The information relay from an unmanned aircraft system (UAS) is only as good as the connection, and there are limited options for transmitting information, particularly in theater, where there is limited infrastructure. Historically, drones used radio waves to be able to fly within line of sight of the operator. But now, with Reapers flying halfway around the globe from the command center, satellite communications (SATCOMs) are essential to drone operations — particularly for medium-altitude, long-endurance (MALE) aircraft, but also for smaller platforms.

Nevertheless, the legacy networks these unmanned aircraft rely on have their limitations. First is the nature of the satellite hardware itself. Until space-bound robots can go up and tinker with decades-old satellites — a real idea that’s been floated by the Defense Advanced Research Projects Agency (DARPA) — satellites are not going to change. As a result, the military needs software-based solutions to upgrade its legacy SATCOM networks to keep up with the proliferation of unmanned aircraft.

Second is the nature of physics itself. There is only so much the military can do to drive down latency — at the end of the day, information relay is a basic equation based on the maximum transmission speed of electromagnetic waves over a distance. The same reason it takes NASA 20 minutes to talk to a rover on Mars is at play on a smaller scale when it comes to operating an UAS.

These limitations may make it seem like there is no way around improving SATCOMs, but that couldn’t be further from the truth. Instead, UAS operators can leverage modernized networks that not only improve the reliability of a connection, but also help them by automatically switching feeds, without the need for manual intervention. Additionally, UASs are increasingly targets of network jamming and potential cyberattacks, and a modernized network is more capable of ensuring the fidelity of a connection against the Department of Defense’s (DOD) adversaries.

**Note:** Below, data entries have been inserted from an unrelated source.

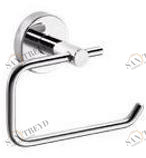 INDA® Держатель металлического рулона Gealuna A1025b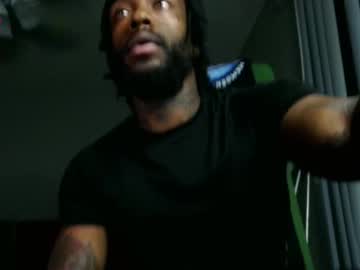 theinceptioncouple444 live cam from Latvia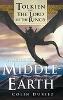 A Guide to Middle Earth: Tolkien and The Lord of the Rings (Paperback)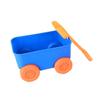 Sandbox Toys Wheelbarrow Mini - Blue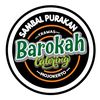 dillabarokah0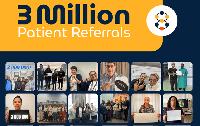 SA e-health startup Vula passes 3m referral mark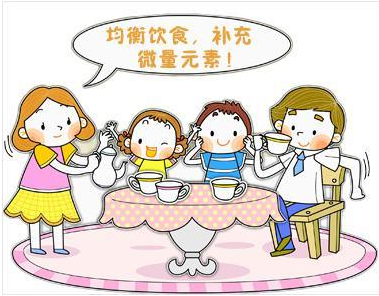 宅男导航神器廠家談儀器常見的問題及處理方法 宅男导航神器廠家談儀器常見的問題及處理方法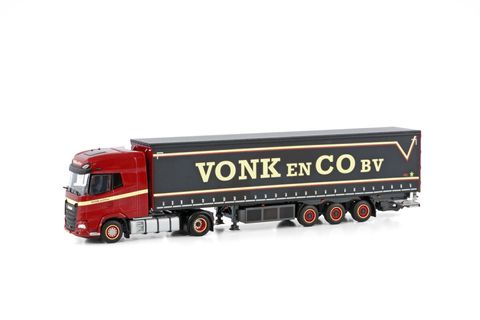 vonk-co-daf-xg-4x2-curtainside-trail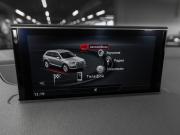 Audi Q7 II (4M) Москва  - изображение 50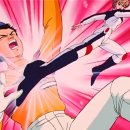 밸런스 라인댄스 이미지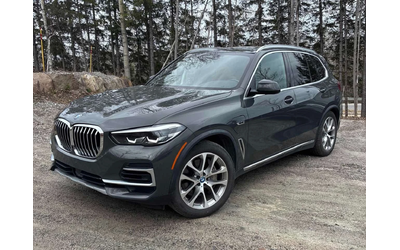 bmw-x5 - 0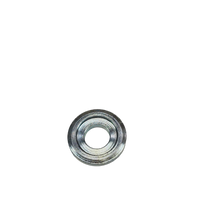 Husqvarna Lawn Mower Support Flange - 584438301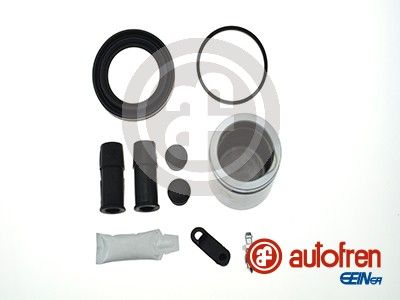 Ремкомплект тормозного суппорта SEINSA AUTOFREN D41761C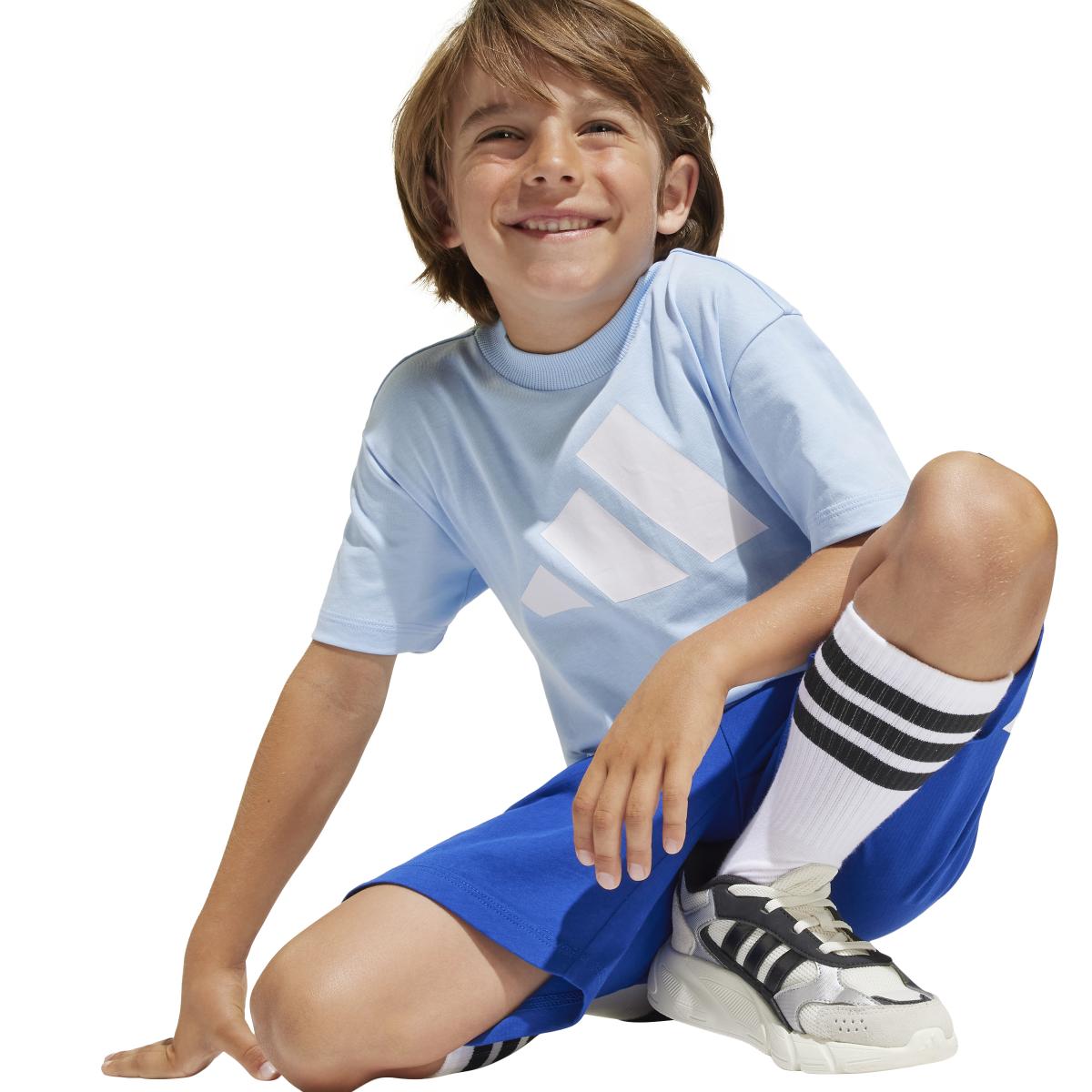 product/a/d/adidas_jc9724_globlu-white_8.jpg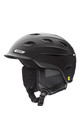 Smith 2022 Smith Vantage MIPS Helmet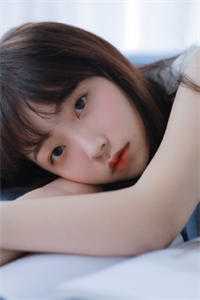 状元郎君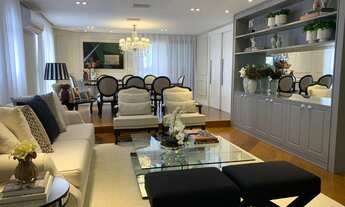 Imagem: APARTAMENTO RESIDENCIAL em SÃO PAULO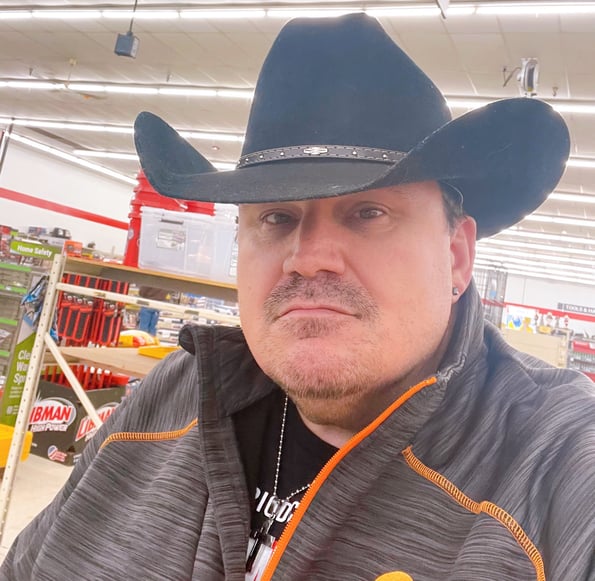 george-b-thomas-hubspot-cowboy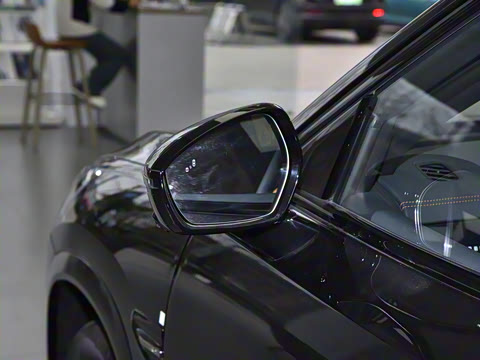 2024�� ���� 310 ����PRO��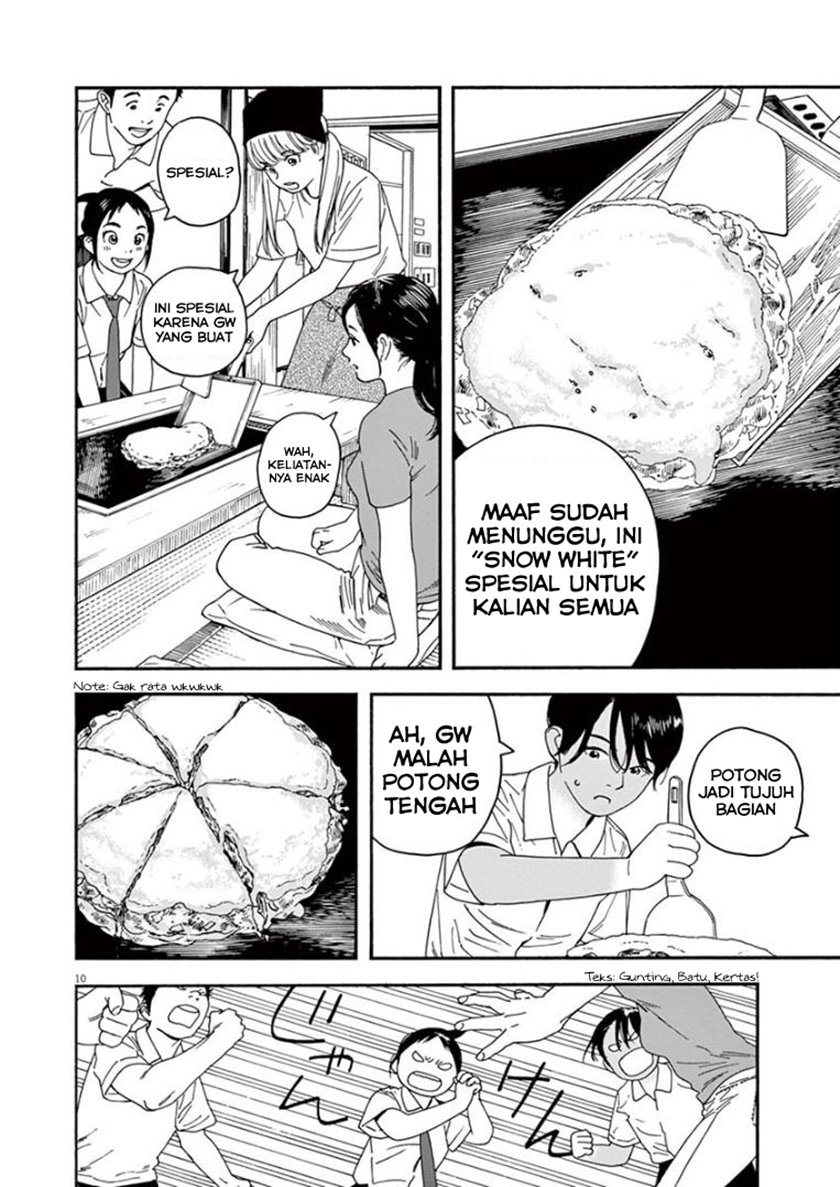 Chapter 23 - halaman 11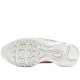 Air Max 97 Bleached Coral Women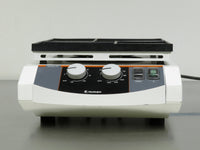 Heidolph Titramax 101 Vibrating Shaker thumbnail 1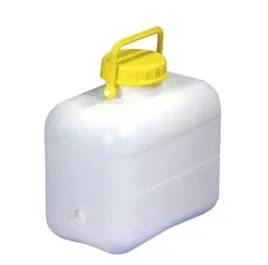 baniak-na-wode-95l-z-szerokim-wlewem-comet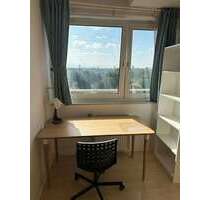 WG-Zimmer in Köln 840,00 € 10 m²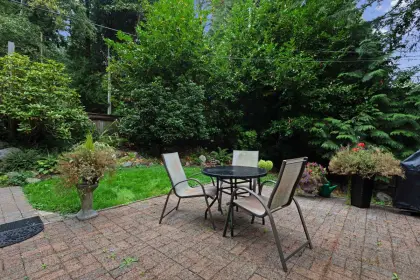 14066 Trites Road, Surrey, BC, Surrey — Single Family Residence for sale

Sophisticated medium-altitude, long endurance (MALE) aircraft like this General Atomics MQ-1C Gray Eagle UAS increasingly depend on satellite communications for command and control. (Photo: U.S. Army)

Upgrading Networks

There’s no such thing as ripping out and replacing a network — not just for the military, but in any commercial operating environment as well. That means that networks that were built for different missions must transform into agile, flexible, automated and secure networks. Doing so requires an emphasis on software upgrades.

Over the years, SATCOMs have been able to provide significantly more bandwidth through upgrades, enabling the transfer of megabytes instead of kilobytes of data. By using optimization protocols, that bandwidth can become even better; however, that doesn’t necessarily equate to more reliable data transfer. Unlike TCP protocols, where every single bit of information gets packeted and transferred from Point A to Point B, a lot of the information drones relay instead follow UDP protocols, which are used for video transfer. In these transfers, the packet doesn’t necessarily get transmitted in its entirety, the same way it would if a television or phone line cut out, the receiving end wouldn’t get the remaining bits of information relayed after a disruption. Command and control would prefer that UAS have a more reliable connection for video, but reliability comes at a price — typically reduced speed.

In order to upgrade these older software solutions, the military needs to have a modernized network that can ride on top of the legacy network — a software-redefined network. These newer networks can control where traffic goes and what path it takes by using this software-defined overlay. The legacy network is like the original dirt road, while the software overlay is like pavement that lets the cars on the road go at much faster speeds.

But to be truly effective, this network upgrade must provide end-to-end visibility from the application to the end user, all the way back to the data center or the battalion commander in theatre. Without visibility, the military can’t optimize for latency issues, which are inherent to operations but can be minimized.